GOAL OF THE EXERCISE.
Nothing is needed except the lines below that run from the one with "Mujer-y-su-hija-preparando-para-la-Pascua" through the one with "Váy yếm bé gái", repeated exactly.

DATA FOR THIS EXERCISE.
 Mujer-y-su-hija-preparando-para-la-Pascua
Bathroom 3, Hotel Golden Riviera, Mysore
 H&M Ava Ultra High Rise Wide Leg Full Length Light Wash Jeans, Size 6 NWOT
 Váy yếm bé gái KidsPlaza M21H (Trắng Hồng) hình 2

---

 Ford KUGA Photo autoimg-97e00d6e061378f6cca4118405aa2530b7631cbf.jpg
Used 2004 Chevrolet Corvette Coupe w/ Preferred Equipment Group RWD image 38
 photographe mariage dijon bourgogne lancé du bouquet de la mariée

EXPECTED ANSWER.
 Mujer-y-su-hija-preparando-para-la-Pascua
Bathroom 3, Hotel Golden Riviera, Mysore
 H&M Ava Ultra High Rise Wide Leg Full Length Light Wash Jeans, Size 6 NWOT
 Váy yếm bé gái KidsPlaza M21H (Trắng Hồng) hình 2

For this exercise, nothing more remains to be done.